Alcohol septal ablation is a minimally-invasive procedure used to treat hypertrophic cardiomyopathy. Hypertrophic cardiomyopathy is a genetic heart condition that is characterized by an abnormally thick heart muscle. The septum wall separates the two lower chambers of the heart (left and right ventricles). In patients who suffer from hypertrophic cardiomyopathy, the septum wall may thicken abnormally and bulge into the left ventricle, blocking the flow of blood to the body. The extra pressure on the heart caused by this abnormality may cause shortness of breath, weakness and fatigue.

An alcohol septal ablation can relieve your symptoms and decrease the risk for future complications. Mercy Health cardiovascular experts have vast experience treating hypertrophic cardiomyopathy patients through both open heart and minimally-invasive techniques including alcohol septal ablation.

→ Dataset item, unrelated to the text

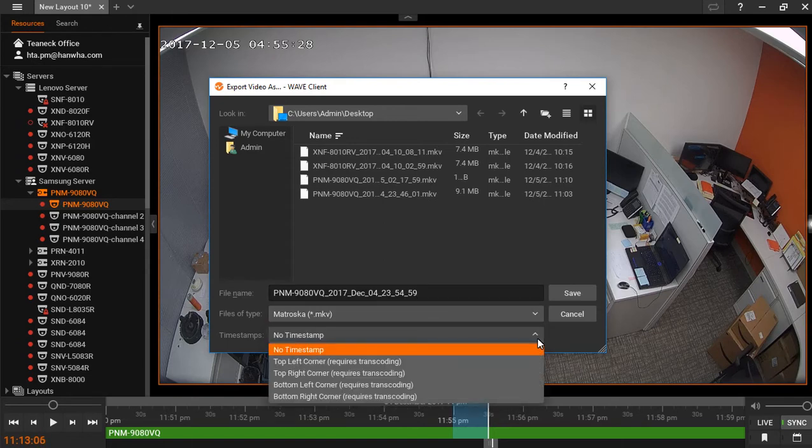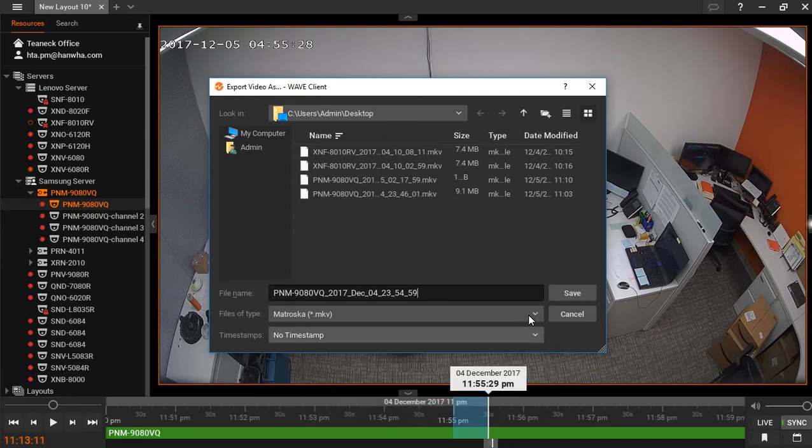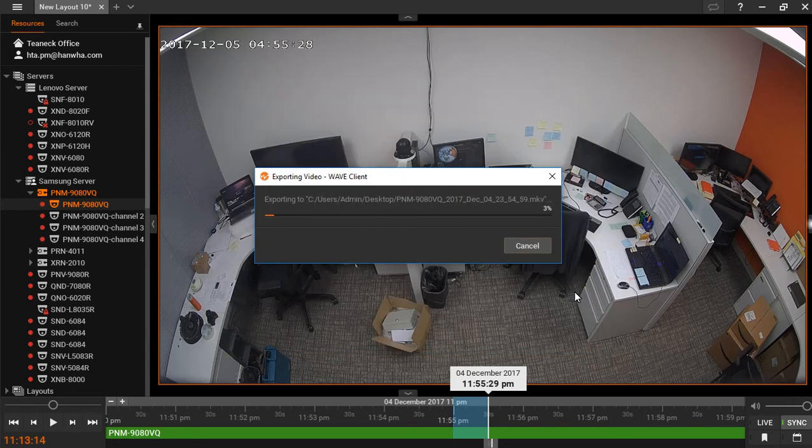The timestamps will give you the option of placing a timestamp in different areas of the screen. Hit save and the progress bar will show you how far along your export is.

Who is a candidate for alcohol septal ablation?

Hypertrophic cardiomyopathy patients who are not responding to medication management for their condition may be candidates for alcohol septal ablation. Most patients who undergo an alcohol septal ablation experience symptom relief soon after the procedure. 

What to expect when having a minimally-invasive septal ablation?

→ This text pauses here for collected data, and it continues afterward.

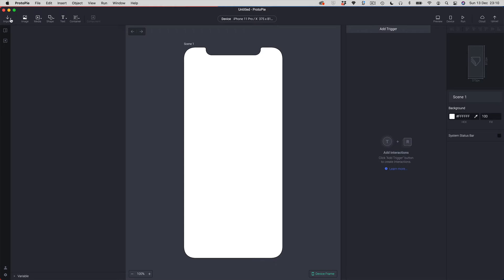Over in the top left corner you can see the import menu. Opening that up, you can see we've got three supported tools: Figma, Adobe XD, and Sketch. Adobe XD and Sketch are grouped together because they use a very similar importer. Figma on the other hand has its own plugin, which we'll look at in a little bit. But we're going to focus on Adobe XD as our example first.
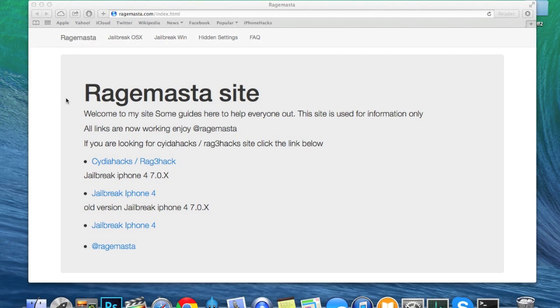What's up YouTube? This is Cody here with iPhoneHacks.com and today I'm going to be showing you guys how to jailbreak iOS 7 on your iPhone 4 using RageBreak.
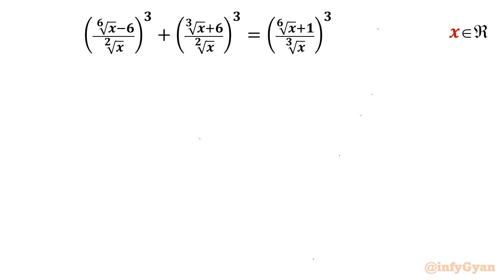Welcome back to InfiGaunt friends. In this video, we are going to take up one very interesting and challenging rational equation problem. This is one of the best rational equation problems which I have solved. The equation is: 6th root of x minus 6 over (square root of x) cubed, plus cube root of x plus 6 over (square root of x) cubed, equals 6th root of x plus 1 over (cube root of x) cubed. We have to find out the real solutions.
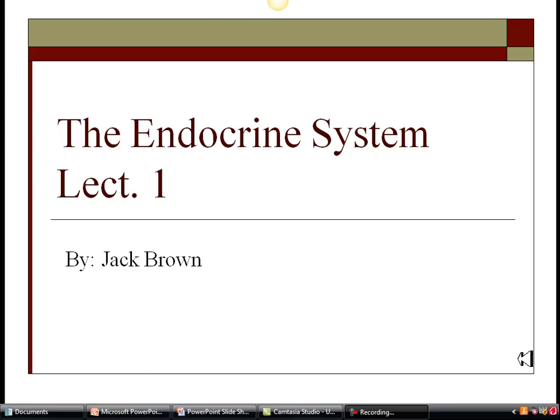Welcome to lecture one covering the endocrine system. The major goal of this lecture will be to cover steroid and non-steroid hormones, their major actions and how they are released.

During an alcohol septal ablation procedure, your doctor will insert a catheter with a balloon at the tip into the groin area and thread it to the artery that carries blood to the septum. Once the balloon is in place, your surgeon will inject pure alcohol through the catheter into the area of the heart that is abnormally thick. Because alcohol is toxic to heart muscle, some of the heart muscle will shrink and die. As a result, blood flow through the heart and to the body is improved.
What are benefits of an alcohol septal ablation?

An alcohol septal ablation can be performed via a minimally-invasive procedure in the cardiac catheterization lab via an IV rather than in an open-heart procedure. Patients typically experience symptom relief and have an improved quality of life after the procedure.

What are risks alcohol septal ablation?

Although most patients who have an alcohol septal ablation have a successful outcome, there are risks associated with the procedure. Patients who are older and have other heart conditions are at higher risk of having complications.

Risks associated with alcohol septal ablation include:

  • Heart block - one of the most common complications that occurs when the electrical signals to the heart are disrupted, which results in a slowed heart rate
  • Arrhythmia
  • Bradycardia
  • Blood clots 
  • Abnormal fluid buildup around the heart 
  • Complications in the coronary arteries
  • Infection 
  • Shock 

Recovery from alcohol septal ablation?

Patients spend three to four days in the hospital after having an alcohol septal ablation. During this time, your cardiac team will closely monitor your vital signs, the incision site and your overall health before clearing you to discharge. 

Once you have been discharged, it is important to gradually return to your normal activities. Follow your Mercy Health doctor’s recommendations on diet, exercise and follow-up appointments.